Review: Palm Reader – Braille

Review: Palm Reader – Braille

Palm Reader - BrailleLast year, Nottingham-based quintet Palm Reader changed their Twitter bio to specifically indicate they were ‘NOT a hardcore band.’ Even if they needed to state it by fact, their craft displayed on ‘Bad Weather’ and ‘Beside the Ones We Love’ has proven them to run creative circles around any UKHC contemporaries content with ripping off Gallows for a living.

Perhaps it was a helpful disclaimer for the uninformed who believe they can walk straight into third full-length, ‘Braille’, for a quick adrenaline dose, then walk away again. This album is, hostile and willing to journey listeners down vast rabbit holes of ambience and prog-metal extravagance.

It’s not a complete departure from the throat-punching band we’ve known up to this point, as opener ‘Swarm’ forcefully demonstrates via scattergun instrumentation juddering in unpredictable time-signatures like a bullet bouncing off the bars in a metal cage. Plus, the dense opening to ‘Coalesce’ is easily the heaviest moment of their back catalogue up to now.

More importantly, this album is about Palm Reader’s metamorphosis into a bolder, more affluent sounding outfit. Guitarist Andy Gillan’s love for Mastodon inspires the luminous leads that open ‘Inertia’, while sweeping choruses in ‘Internal Winter’ and ‘The Turn’ are built on concrete rhythm sections that demand your undivided attention. This is also achieved by frontman Josh McKeown’s increased confidence, particularly in the use of clean vocals, resulting in a more vulnerable, dimensional performance.
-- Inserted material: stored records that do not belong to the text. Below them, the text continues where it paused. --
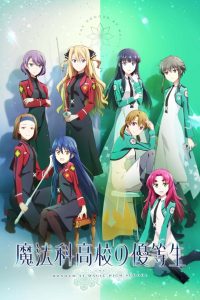 Mahouka Koukou no Yuutousei Temporada 1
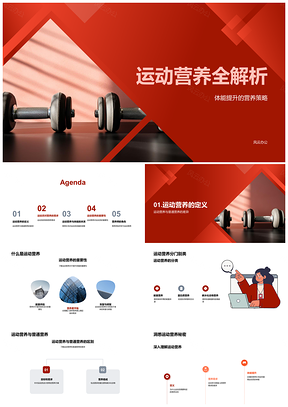 运动员营养师解析运动营养体能提升策略PPT模板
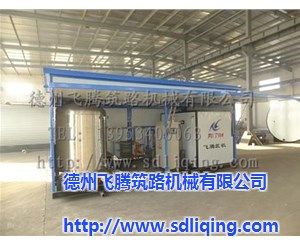 快速升溫型瀝青加溫罐的施工應用場景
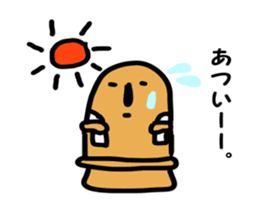 hanikiti. sticker #12364251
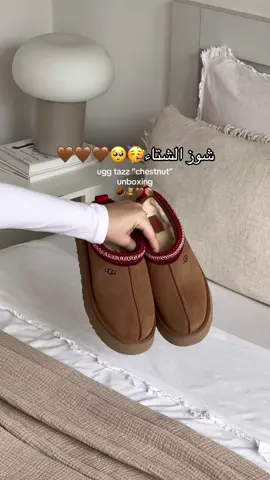 توفر بالمتجر للطلب يوجد تابي🫶🏼#ugg #funnyvideos #uggs #funnyvideo #الشعب_الصيني_ماله_حل😂😂 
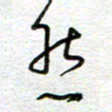 曾文灿然书法图片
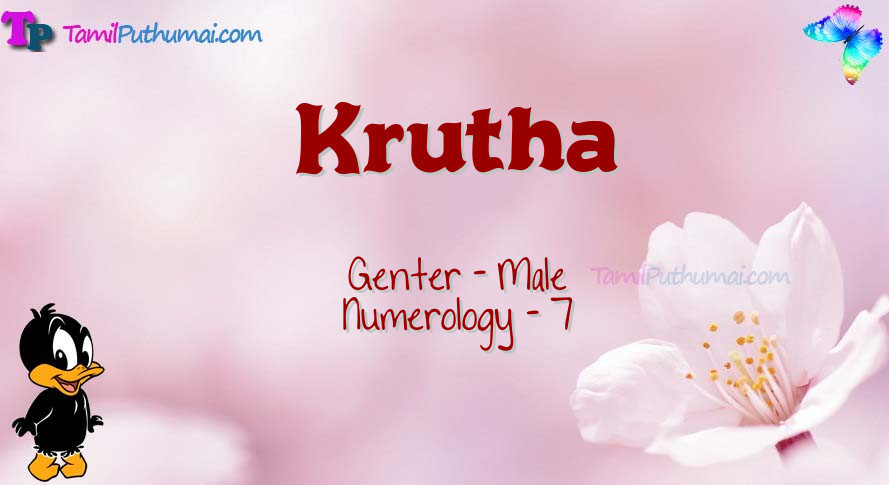 Krutha-babyname-meaning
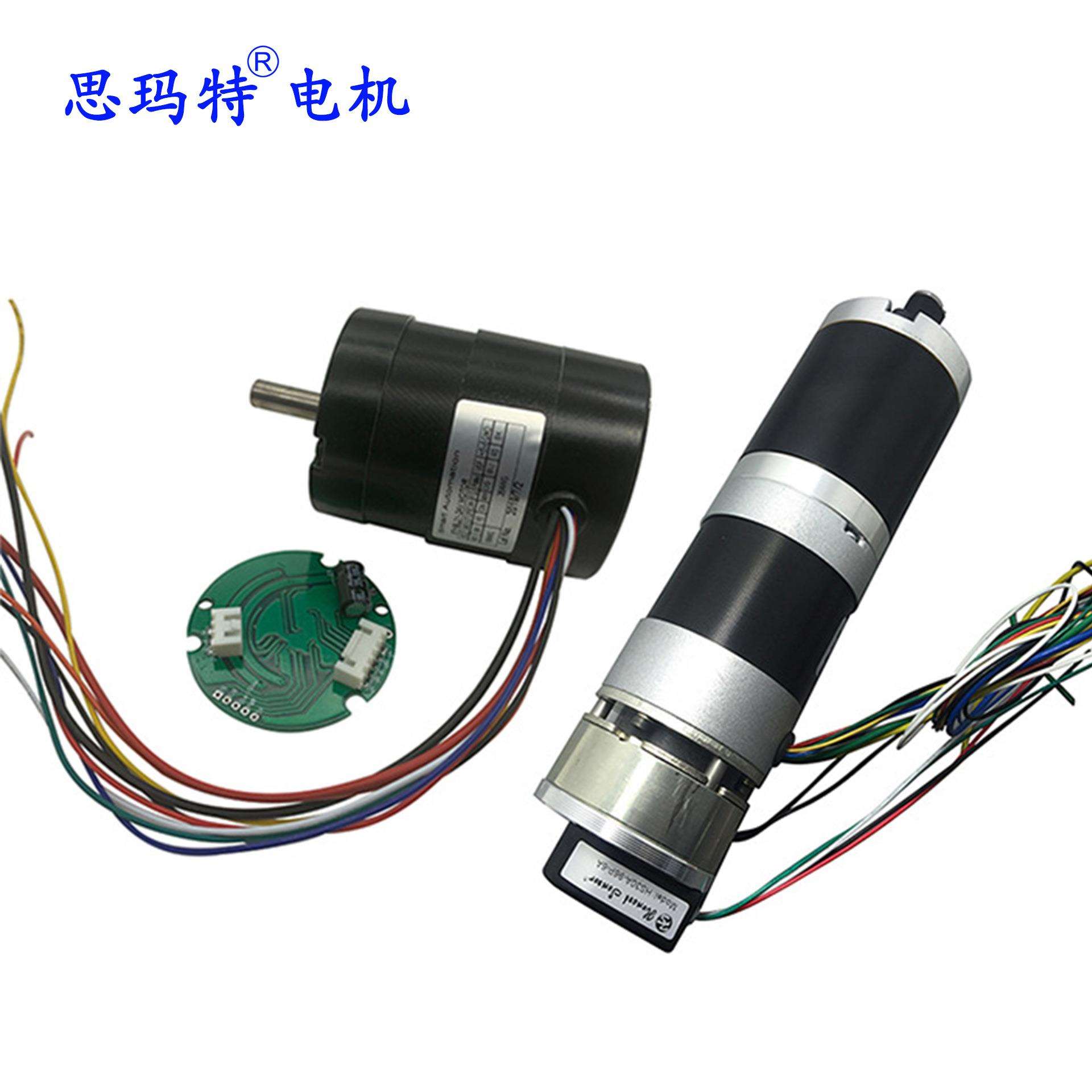 57BL直流无刷电机工厂 可带内置驱动12v24v36v48v 50瓦100瓦200瓦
Palm Reader have always shone as more ambitious than a lot of artists on their playing field, and on ‘Braille’ that ambition is put into full effect. It’s a record that demands patience, focus and an emotional resonance greater than a release of energy. But that’s okay, because this is not a hardcore record, and Palm Reader are not a hardcore band.

4.5/5

‘Braille’ by Palm Reader is released on April 6th via Silent Cult Records.